Politics
3:13 pm
Sat May 25, 2013

Saturday Update: Legislature Honors Fallen Soldiers, Continues Last-Minute Work on Bills

Members of the Texas House and Senate are at their desks this afternoon as the Legislature continues to work in the final days of the 83rd session. 

State Rep. John Zerwas, R-Simonton, says they expect to bring up Senate Bill 1, the budget bill, on Sunday. He was one of the House members who worked with Senators in the conference committee on SB 1.
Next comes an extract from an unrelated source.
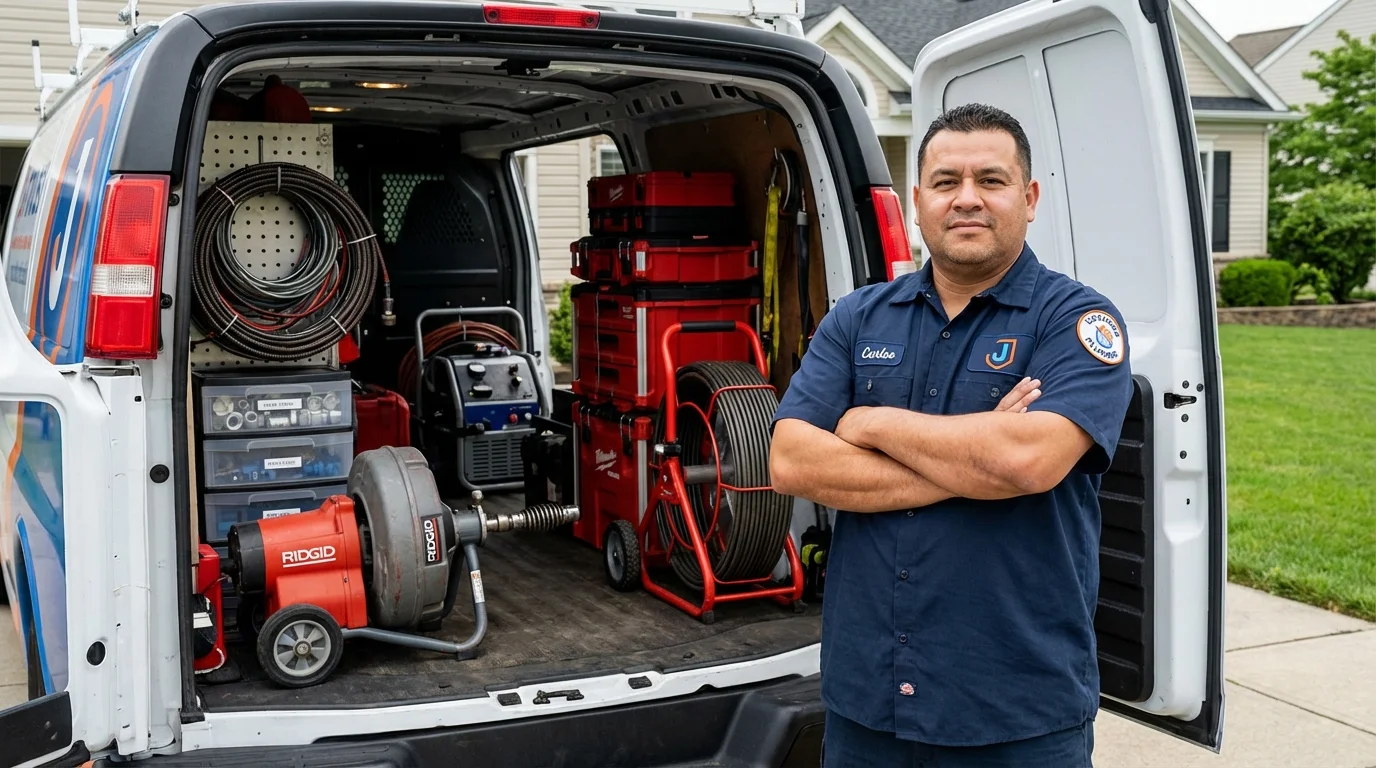 Professional drain cleaning equipment and Johns Plumbing LLC plumber in Annapolis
"It's a complicated process and just when you think you stomp that one fire, there's another yet to be dealt with," Rep. Zerwas said. "I think we just feel like we need another 24 hours before we're ready. Our feeling is that we need to do a little more work communicating what the bill is -- what it does do and what it doesn't do so when it does come up on Sunday, everyone feels very informed."

Before both chambers convened at 2:00 p.m. to work on bills and conference committee reports, they were at the House this morning.

Gov. Rick Perry addressed a joint session of the Texas Legislature to honor the state's men and women who died while serving in the military, fighting what he called the "war on terror."

"While we may have disagreements about policies, we may even disagree about some bills in the last days of the 83rd legislative session, there's absolutely no disagreement about the importance of honoring these young men and women," he said in his remarks. "This event is a strong reminder that as free Americans we have an obligation larger than politics to honor those who've given the ultimate sacrifice and service to our country."

After the ceremony, Lt. Gov. David Dewhurst answered some questions from reporters.

He said he would have liked the Legislature to pass a bill that would have required welfare recipients to drug test. A bill that requires drug testing for people getting unemployment help — SB 21 — passed in the Senate today. Because the Senate passed the same version that House members voted on, it goes to Gov. Perry's desk.

A special legislative session can take place as early as the day following the close of this session -- which is Monday.

If Gov. Perry does call a special session, he'll decide what issues will be addressed. Lt. Gov. Dewhurst said aside from redistricting, he hopes lawmakers will come back to tackle overhaul of the Texas Windstorm Insurance Agency, stricter limits on abortion ,and the right to carry concealed handguns on college campuses.

"We’re on the eve of one of the most successful conservative sessions that we’ve ever had in decades and decades," Lt. Gov. Dewhurst said. "There are still some things that I would like to see passed."